Revitalizing The Child Nutrition Act
Between First Lady Michelle Obama’s Let’s Move campaign and Jamie Oliver’s Food Revolution televised show, our responsibility has become abundantly clear: our collective choices to provide cost-effective school meals has led to this deplorable epidemic of childhood obesity. Luckily, the five year window of opportunity has once again opened for reauthorizing the Child Nutrition Act. This act allows us to revisit the dietary mandates of public school meals, while reassigning standards to benefit children’s health, and reevaluating the method of execution for such designs.
Taking up the reins, Michelle Obama is hallmarking the Child Nutrition Act as the pivotal legislative component in which childhood obesity can be trounced. According to USDA Food and Nutrition Service Administrator Julie Paradis, in U.S. To Improve School Meals and Children’s Health, “The Obama Administration has proposed a historic investment of an additional $10 billion over ten years starting in 2011 that will allow for the improvement of the quality of the School Lunch and School Breakfast Programs, increase the number of kids participating, and ensure schools have the resources they need to make program changes, including training for school food service workers, upgraded kitchen equipment, and additional funding for meal reimbursements for schools that are enhancing nutrition and quality.” Acquiring ample funding and governmental leadership will ensure success of this Child Nutrition Act’s mandate.

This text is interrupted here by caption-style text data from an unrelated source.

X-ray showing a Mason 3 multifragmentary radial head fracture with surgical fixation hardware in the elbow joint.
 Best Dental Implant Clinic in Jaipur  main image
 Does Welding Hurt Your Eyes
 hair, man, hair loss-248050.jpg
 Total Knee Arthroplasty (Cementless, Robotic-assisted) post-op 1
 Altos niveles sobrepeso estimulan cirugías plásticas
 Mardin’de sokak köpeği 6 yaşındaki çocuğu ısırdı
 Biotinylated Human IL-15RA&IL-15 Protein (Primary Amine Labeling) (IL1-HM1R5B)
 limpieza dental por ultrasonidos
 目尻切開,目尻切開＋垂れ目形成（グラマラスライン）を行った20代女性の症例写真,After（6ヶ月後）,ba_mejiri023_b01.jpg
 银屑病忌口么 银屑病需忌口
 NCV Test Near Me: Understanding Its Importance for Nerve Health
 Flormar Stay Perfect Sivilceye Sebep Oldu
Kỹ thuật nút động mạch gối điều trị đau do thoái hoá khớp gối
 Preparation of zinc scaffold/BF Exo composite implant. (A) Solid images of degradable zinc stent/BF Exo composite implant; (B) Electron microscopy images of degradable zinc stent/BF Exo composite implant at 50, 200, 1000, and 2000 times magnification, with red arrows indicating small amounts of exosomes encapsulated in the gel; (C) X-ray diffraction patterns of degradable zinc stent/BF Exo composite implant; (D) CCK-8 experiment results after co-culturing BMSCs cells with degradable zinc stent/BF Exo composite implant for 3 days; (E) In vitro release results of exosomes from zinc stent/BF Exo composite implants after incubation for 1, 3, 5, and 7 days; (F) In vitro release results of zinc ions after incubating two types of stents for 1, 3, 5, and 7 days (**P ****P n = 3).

Assuming leadership positions in establishing these beneficial standards is the Food Network and Share Our Strength. Ellie Krieger, Dietician and host of Food Network’s “Healthy Appetite” notes in A Change in School Nutrition, “Food Network is trying to make a difference too, working in close partnership with Share Our Strength. In addition to delivering educational television programming and information on the Web about fresh foods and healthy eating, Food Network and Share Our Strength are educating children and families on the importance of fruits and vegetables by establishing Good Food Gardens at inner-city schools and family centers across the country.” These community-based movements to eradicate unhealthy habits are essential to this national paradigm shift in food consumption.
Local community gardens are showcased in the San Diego News Network, Michelle Obama to visit San Diego Thursday, “Michelle Obama will tour a community farm in San Diego Thursday as part of her campaign to end childhood obesity. The first lady will tour the New Roots Community Farm on Chollas Parkway, meet with farmers and volunteers and make remarks, according to the White House.” Neighboring farms’ participation is the instrumental method in which the Child Nutrition Act can be executed, securing organically healthy resources for school meals.
Welding this symbiotic relationship with both community farms and school cafeterias, while eliminating the unhealthy alternatives that food competitors provide, will be a challenging endeavor. Featured in The Atlantic’s Breaking Down the Child Nutrition Act: Q & A, with Kerry Trueman of Eating Liberally and Marion Nestle, professor of Nutrition, Food Studies, and Public Health at New York University, “Competitive foods put schools in a dilemma and in conflict of interest. They make money from competitive foods to help support the school lunch program. But sodas and snacks undermine participation in school meals programs.” In order to combat these obstacles, large-scale financing needs to be provided. Nestle imparts, “Inadequate funding is a big consideration in the Child Nutrition Act (click here for a PDF of the bill). This act provides $4.5 billion over 10 years for school meals. Although this represents a 10-fold increase over previous (2004) funding, it works out to an additional measly six cents per meal—not nearly enough to solve school districts’ financial problems.” Childhood obesity can not be resolved by the government funding alone, private and non-profit financial support will exponentially increase financial security to execute this act.
Make your voice heard by signing Change.org‘s petition: Make Child Nutrition A Priority In 2010. This petition implores: “Your help is needed to urge policymakers to fund the school nutrition programs that families desperately need and can improve children’s health. In this tough economy, American families are struggling to make ends meet. Also, childhood obesity is one of the most pressing health problems facing our nation’s youth. Help improve children’s health today: ask Congress and the Obama Administration to make the renewal of the child nutrition programs a top priority!” Strengthen this movement to revitalize the Child Nutrition Act with your actions: give healthy lives back to our children!